Rafe Marquez, 58, retired air traffic controller, leans against a splintered pine picnic table at his Boise neighborhood’s late August block party, condensation from his hazy IPA dripping onto the scuffed leather work boots he’d worn straight from his garage. He’d spent the afternoon prying a rusted carburetor off a 1972 Triumph Bonneville, still has a faint smudge of grease high on his left cheek, and he’d planned to duck out after 20 minutes max, go home, eat frozen pizza, watch an old western. He’d avoided all the previous neighborhood events since moving three months prior, hated the way strangers kept asking if he was settling in okay, if he needed anything, the unspoken pity in their voices when he mentioned he was a widower of seven years. But his garbage can had rolled into Clara’s yard that morning, she’d waved him over when she saw him chasing it, told him he better show up, her brother was smoking brisket, it’d be a crime to miss it. He’d said yes before he thought better of it.
Clara, 54, his next door neighbor who runs a mobile pet grooming service out of a white van covered in hand-painted dog paw prints, saunters over 10 minutes later holding a paper plate stacked high with meat, potato salad, a pickled okra on the side. She’s wearing faded cutoff jeans, a red flannel tied around her waist, a white tank top dotted with a few dog hairs, and when she holds the plate out to him, her bare arm brushes his bicep, warm from the sun. He catches a whiff of coconut sunscreen and the cedar smoke from the fire pit behind her, and he has to blink hard to stop himself from staring at the tiny silver hoop through her left nostril, the little crinkle at the corner of her eyes when she smirks and says she saw him checking out her van last week, figured he’d rather talk old bikes than neighborhood HOA drama. He’d spent 32 years talking down panicking pilots in zero-visibility fog, but for half a second he can’t think of a single thing to say.

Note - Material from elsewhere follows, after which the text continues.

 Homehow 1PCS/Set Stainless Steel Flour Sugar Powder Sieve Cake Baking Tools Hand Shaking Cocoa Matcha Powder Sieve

They sit on the weathered bench next to the picnic table, and when she shifts to get comfortable, her knee presses against his, firm, warm, and she doesn’t pull away. He makes small talk first, mentions he saw her chasing a golden retriever down the block the day before, the dog had one of her pink grooming slippers in its mouth. She laughs, a low, rough sound, and leans in when she talks, close enough that he can see the flecks of gold in her dark brown eyes, says that dog’s a regular menace, but she’d never drop him as a client, his owner brings her homemade peach pie every other week. He finds himself telling her about the Triumph he’s rebuilding, about how his wife Linda had bought it for him for their 25th anniversary, a year before she had the sudden heart attack that killed her at 51. He expects that soft, pitying look he gets from everyone else, but she just nods, taps her beer bottle against his, says she lost her younger sister to a heart attack five years prior, knows how heavy that guilt feels, like you’re not allowed to be happy anymore, like you’re stealing something from the person who’s gone.

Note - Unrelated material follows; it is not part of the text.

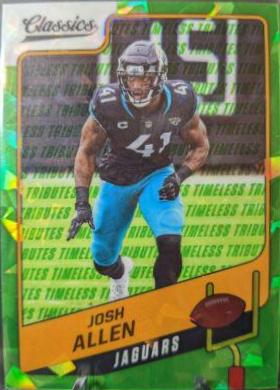 Josh Allen [Timeless Tributes Green] #3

The party winds down as the sun dips below the oak trees, painting the sky streaks of tangerine and soft lavender, the kids’ bounce house gets deflated, the fire pit dies down to glowing embers. She asks him if he wants to come look at the 1978 Honda CB her dad left her when he died, it’s been sitting in her shed for three years, she can’t get it to turn over. His first instinct is to say no, to go home to his quiet house, his frozen pizza, the safe, predictable life he’d built for himself where he never had to risk feeling anything sharp or new. But then she tilts her head at him, her hair falling over one shoulder, and he nods before he can overthink it.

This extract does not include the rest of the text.